Later on you need to take care of active network attackers and bunch of other things.
Application Specific Security
This part is about form validation and storing the passwords. Since I can't go into too much detail but we had lots of forms which needed their own validation and protection layers. This involved writing strict regex rules and strictly checking every single input.
User passwords are hashed N times where N is different for each user by using a global salt key and a salt key which is different for each user.
Deployment (aka Production vs. Development)
For this reason, I use my own tools. I'm not cool enough to use fabric (no, there's no sarcasm or arrogance when I say it).
- Google Closure Compiler: My personal favorite.
- Dojo Compressor: Never used it. I have no clue.
- JSMin: Never used it. I have no clue.
JS Lint Checking
PyCharm provides lint checking out of the box.
- Yahoo Compressor: Good enough. Does the job.
- Less: LESS provides a minimizer as well, you could also use Yahoo Compressor with it though.
- Icey's Compressor: This is an online tool so there's no way to use it offline. That's the disadvantage I noticed first. Never really used it.
Gzip All The Things!
/usr/bin/gzip -cn9 main.js > small.js.gz
Every person has different point of views and skills and abilities. The most common issue is communication issues.
This part is huge. What I understand is different than what you understand. People have different levels of skills and abilities. If another team member doesn't have the knowledge and technical background as you then the entire team is in trouble.
Another part is the language. English is the second or the third language for some people. Even if the person is the native speaker of English, if he doesn't have the technical background, level of knowledge differences end up with miscommunication problems.
Telephone, SMS, Skype, meetings and email are the tools you could use for communication.
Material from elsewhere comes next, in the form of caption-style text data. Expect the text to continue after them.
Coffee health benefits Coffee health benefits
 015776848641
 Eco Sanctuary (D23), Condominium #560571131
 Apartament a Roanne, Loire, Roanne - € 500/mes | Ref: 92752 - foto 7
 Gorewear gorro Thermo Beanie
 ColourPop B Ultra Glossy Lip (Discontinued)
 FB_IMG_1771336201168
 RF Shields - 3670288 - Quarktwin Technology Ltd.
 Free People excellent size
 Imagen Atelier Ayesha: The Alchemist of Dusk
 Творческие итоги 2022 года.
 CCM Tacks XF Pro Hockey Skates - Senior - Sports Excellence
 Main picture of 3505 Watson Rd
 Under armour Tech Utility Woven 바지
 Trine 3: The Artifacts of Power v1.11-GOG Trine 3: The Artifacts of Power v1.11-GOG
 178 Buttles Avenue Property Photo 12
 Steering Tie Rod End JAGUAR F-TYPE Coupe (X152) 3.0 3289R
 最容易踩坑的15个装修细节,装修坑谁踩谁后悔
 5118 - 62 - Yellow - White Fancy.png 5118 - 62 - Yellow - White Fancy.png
You could also "shout at each other" as a communication tool. It works but we didn't use it, well we rarely used it, maybe only once.
The Thing That Should Not Be
Software methodologies. Waterfall, agile, scrum, XP, you name it. I could write something about them but legendary Zed Shaw said it very well.
- Hubris will cause you problems.
- Never say "what can go wrong" and take frequent backup of files and make sure you commit everything. EVERYTHING.
- Make sure you commit and backup everything (I know I said this above). Seeing
node.right can't be null: ReferenceExceptionin the last minute isn't very pleasant.
- C can play with Python quite well.
- Even if it's a web application there's nothing wrong with "putting the pedal to the metal". C is your friend where suits.
- Asynchronous all the things!
- web.py is solid and capable of creating complex web services.